Chattanooga Police Sgt. Austin Garrett said a toxicology test was performed on Johnthony Walker, 24, the bus driver now in jail on five vehicular homicide charges.

Police said Walker was driving well over the posted 30 mph limit when he lost control of the bus carrying 37 children on their way home from Woodmore Elementary School. Six children remain in the hospital.

Police disputed one woman’s claim that the driver asked the children if they were “prepared to die” just before the wreck. Jasmine Mateen, whose 6-year-old daughter was among the dead, said one of her two surviving children who were on the bus told her about the driver’s remarks.

chattanooga-bus-crash-victims-collageIn Remembrance: Chattanooga Bus Crash Victims »

Garrett, however, said at a Wednesday press conference: “I want to be very clear on this. No witness we have spoken with has that information or provided it directly to our investigators.”

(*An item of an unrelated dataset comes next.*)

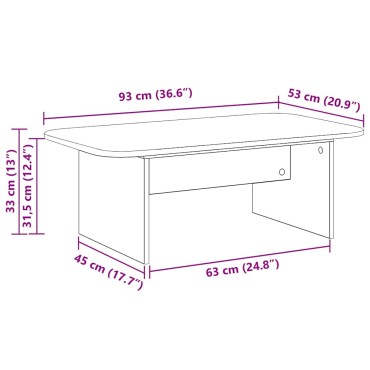 vidaXL Τραπεζάκι σαλονιού Γκρίζο Σονομα 93x53x33 εκ 1 τεμ.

He asked anyone with additional information to bring it to police, who are still interviewing witnesses and reviewing surveillance footage from the bus.

Three of the children killed were in fourth grade, one in first grade and another in kindergarten, said Kirk Kelly, interim superintendent of Hamilton County schools.

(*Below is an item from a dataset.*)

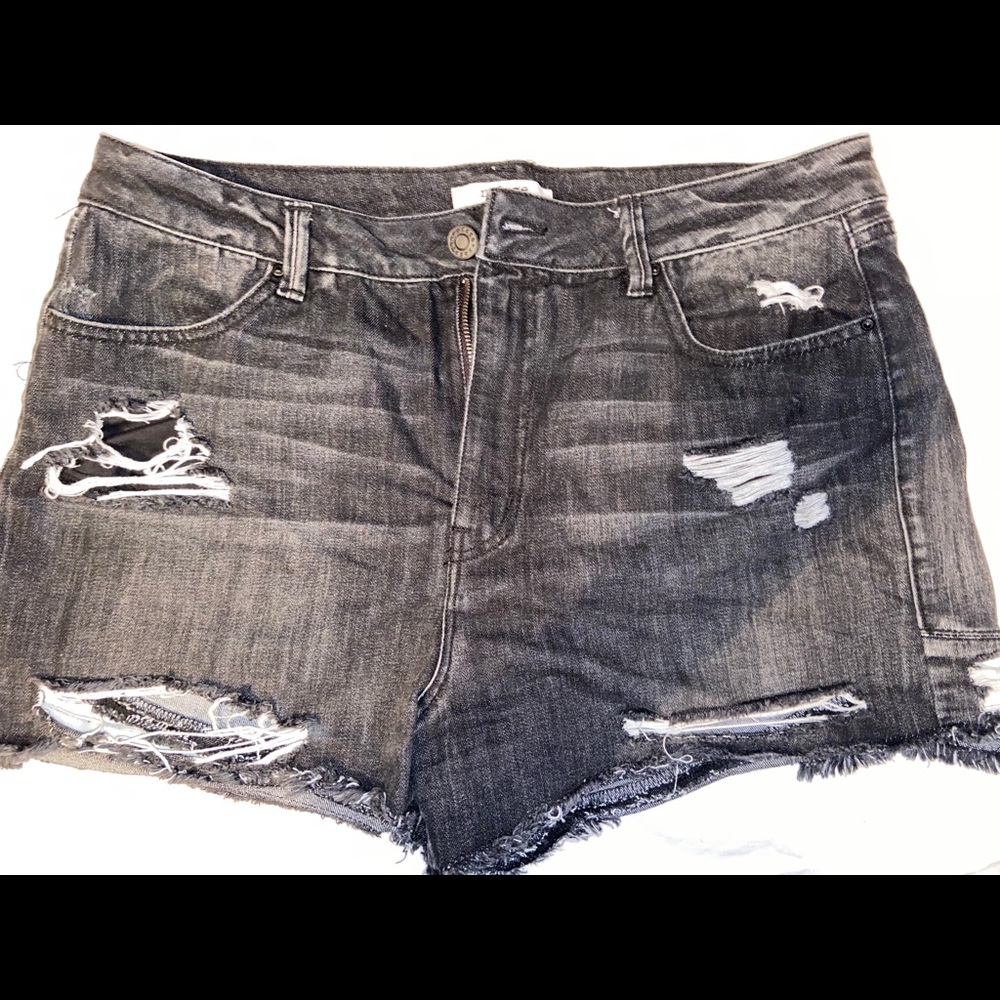 Black jean shorts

Their families remembered them as fun, happy children taken much too soon.

D’Myunn Brown liked to play little tricks on grown-ups. The 6-year-old would snatch a cellphone, hide it, then giggle and bat his big brown eyes.

“That’s what made him so pretty, and he was as sweet as he could be,” said his great-grandmother, Winifred Bray. “I’m still numb. I still can’t believe he’s gone.”

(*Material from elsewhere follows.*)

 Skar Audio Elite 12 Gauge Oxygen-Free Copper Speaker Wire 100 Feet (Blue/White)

LaFrederick Thirkill remembered his 9-year-old cousin, Cordayja Jones, as a girly-girl who liked dressing up and giving hugs.

Thirkill is the principal at Orchard Knob Elementary, where Cordayja attended before changing schools to Woodmore Elementary.

She was a polite little girl, he said. Even though he was her cousin, she called him “Mr. Thirkill” when she saw him in the hallways.

“I remember her as just a kid who always smiles,” he said.

Mateen said her 6-year-old daughter Zyaira was a happy, silly girl who loved to dance and dreamed of growing up to be a doctor like her favorite Disney character, Doc McStuffins.

She said she had complained several times about the bus driver speeding through the neighborhood.

School officials repeatedly declined to answer questions Wednesday about whether they received complaints about the driver. School Principal Brenda Adamson-Cothran said their focus is on “giving our families and students the support that they need in this tragedy.”

The National Transportation Safety Board also is investigating. NTSB chairman Christopher Hart said the agency will look at the driver’s actions, the condition of the bus and whether seat belts — something the NTSB has been pushing for — would have made a difference.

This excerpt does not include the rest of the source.